The found image can be put in a new context according to interpretation. The sculpture piece placed on the pedestal is finished with a smooth golden surface. The monument of the face that has finally acquired a three-dimensional volume reveals a more demanding presence. As if caressing the smooth golden skin, I imagine the texture of the image, feeling a handful of its weight. The body of the sculpture that occupies a corner of the living finally reveals its back.
 
Ok Seungcheol's Trophy is akin to a marker placed at a specific point of images that constantly change their identities. Like the trophies of an astonishing moment, the captured faces glow only to eventually solidify with a chill. They are images with new identities, reborn as new beings. Putting off the naive wish to be the original something, the picture screen appeals to its own uniqueness created by different interpretations of the same image. The different hues cast on each face give each work of trophy its independent materiality, rendered to possess unique attributes, even if resembling one another.

 
3.
The face itself is symbolic. Grave robbers who steal the mysterious symbol of faith and those who take victory monuments as prizes for stealing the power of an enemy curiously covet the faces of others. Ok Seungcheol's picture screen continuously captures the close-ups of the faces. It's not a realistic depiction but rather an abstract cartoonish portrayal. Due to the nature of the method, the structural features of the face are extremely simplified. At the same time, the picture screen maximizes only the emotions revealed by the facial expressions while concealing the specific identities of the individual characters.

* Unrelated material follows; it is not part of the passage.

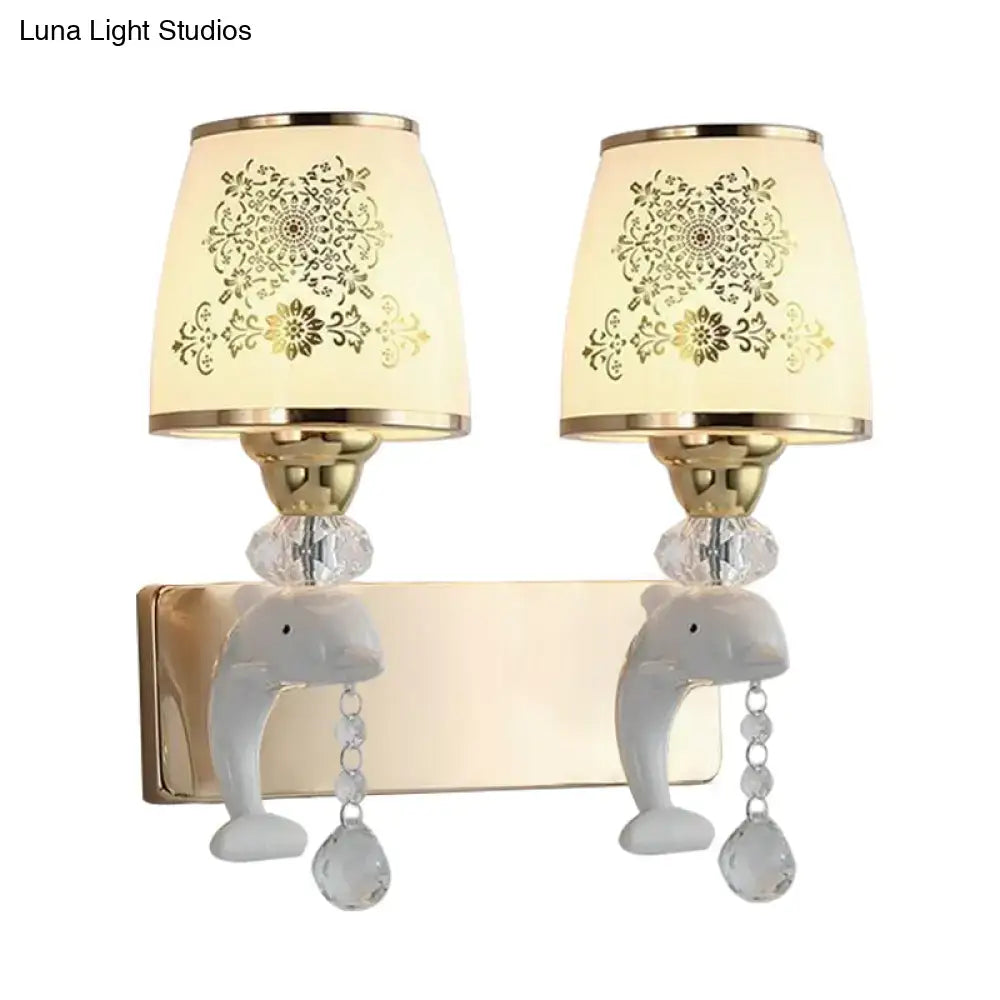 Modern gold and white dolphin wall sconce with ceramic bases, opal glass shade, and gold floral patterned lampshades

Therefore, the close-up makes the face the pure material of affect.4 Even a slight change in the direction or expressions of the face, the direction of emotions found in the relationship between the work and a viewer shifts. Hence, Face(2023), turning away from the audience, evokes paradoxical curiosity and tension. The imagined faces of those concealing their expressions are even more affective than the conundrum that Irochi(2023) presents.
 
With each step up and down the exhibition space's staircase gazes push and pull against each other. Some faces study and turn away; some observe carefully then quickly glance away. Each face questions the identity of the ambiguous archetype in our memories: Was the apparition ever real? What is the original source of fiction that is mixed with truth and has the potential to infinitely evolve? In the midst of the endlessly renewing days of reality, the boundary between the original and the replica becomes blurred every time. Meanwhile, Ok Seungcheol plants a flag on some of the images that freely float through today. It is to engrave the image of a specific moment in the form of a unique physical property here. As a brilliant emblem of the present, as a marker to avoid losing one's direction.

 
1 Marisa Olson refers to "a copy-and-paste aesthetic" as a formative language of the Internet era. Ok Seungcheol's work is often categorized as "Post-Internet Art" (2008), a term coined by Olsen in her explanation of "art after the internet" (2006).

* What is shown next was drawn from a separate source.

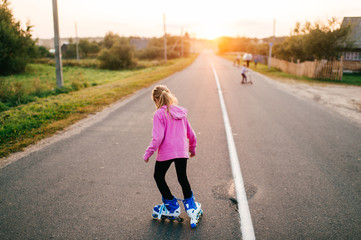 Pretty young girl in pink hoody roller-skates on the village road in the evening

2 Originally the title of a short story written by novelist Ryūnosuke Akutagawa. The term "Rashomon Effect" derives from the film Rashomon (1951) directed by film director Akira Kurosawa, who adopted "Rashomon" and "In the Thicket" from the short stories featured in Akutagawa's anthology The Tale of Rashomon and Other Stories (1915-1921).
3. Ok Seungcheol initially majored in Korean painting at Chung-Ang University before switching to Western painting. Although he primarily works with Western painting materials, elements of Korean painting are still evident in his unique and delicate brushstrokes.
4 Gilles Deuleuze, Cinema 1: The Movement Image, trans. Hugh Tomlinson and Barbara Habberjam (Minneapolis: University of Minnesota), p. 103.